Tensorflow's linear classifiers, such as logistic regression, are structured as estimators. An estimator has the ability to compute the objective function of the ML model, and take a step towards reducing it. Tensorflow has built-in estimators such as "LinearClassifier", which is just a logistic regression trainer. These estimators have additional metrics that are calculated, such as the average accuracy at threshold = 0.5.


In [0]:
# Tweak this hyperparameter to improve debugging precision-recall AUC. 
REG_L1 = 5.0  # Use the inverse of C in sklearn, i.e 1/C.
LEARNING_RATE = 2.0  # How aggressively to adjust coefficients during optimization?
TRAINING_STEPS = 20000

# The estimator requires an array of features from the dictionary of feature columns to use in the model
feature_columns = [real_valued_column('features', dimension=FEATURE_LENGTH)]

# We use Tensorflow's built-in LinearClassifier estimator, which implements a logistic regression.
# You can go to the model_dir below to see what Tensorflow leaves behind during training.
# Delete the directory if you wish to retrain.
estimator = LinearClassifier(feature_columns=feature_columns,
                             optimizer=tf.train.FtrlOptimizer(
                               learning_rate=LEARNING_RATE,
                               l1_regularization_strength=REG_L1),
                             model_dir=OUTPUT_DIR + '-model-reg-' + str(REG_L1)
                            )

Experiments and Runners

An experiment is a TensorFlow object that stores the estimator, as well as several other parameters. It can also periodically write the model progress into checkpoints which can be loaded later if you would like to continue the model where the training last left off.
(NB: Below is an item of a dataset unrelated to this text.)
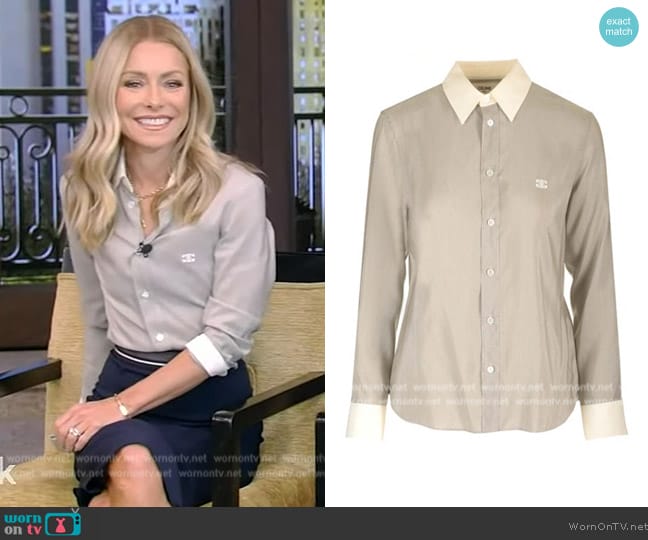 Celine Romy Shirt worn by Kelly Ripa on Live with Kelly and Mark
Some of the parameters are:

  • train_steps: how many times to adjust model weights before stopping
  • eval_steps: when a summary is written, the model, in its current state of progress, will try to predict the debugging data and calculate its accuracy. Eval_steps is set to 1 because we only need to call the input function once (already returns the entire evaluation dataset).
  • The rest of the parameters just boils down to "do evaluation once".

(If you run the below script multiple times without changing REG_L1 or train_steps, you will notice that the model does not train, as you've already trained the model that many steps for the given configuration).


In [0]:
def generate_experiment_fn():
  def _experiment_fn(output_dir):
    return Experiment(estimator=estimator,
                      train_input_fn=train_input_fn,
                      eval_input_fn=eval_input_fn,
                      train_steps=TRAINING_STEPS,
                      eval_steps=1,
                      min_eval_frequency=1)
  return _experiment_fn

Step 6: Train Logistic Regression with TensorFlow

Unless you change TensorFlow's verbosity, there is a lot of text that is outputted. Such text can be useful when debugging a distributed training pipeline, but is pretty noisy when running from a notebook locally. The line to look for is the chunk at the end where "accuracy" is reported. This is the final result of the model.


In [0]:
learn_runner.run(generate_experiment_fn(), OUTPUT_DIR + '-model-reg-' + str(REG_L1))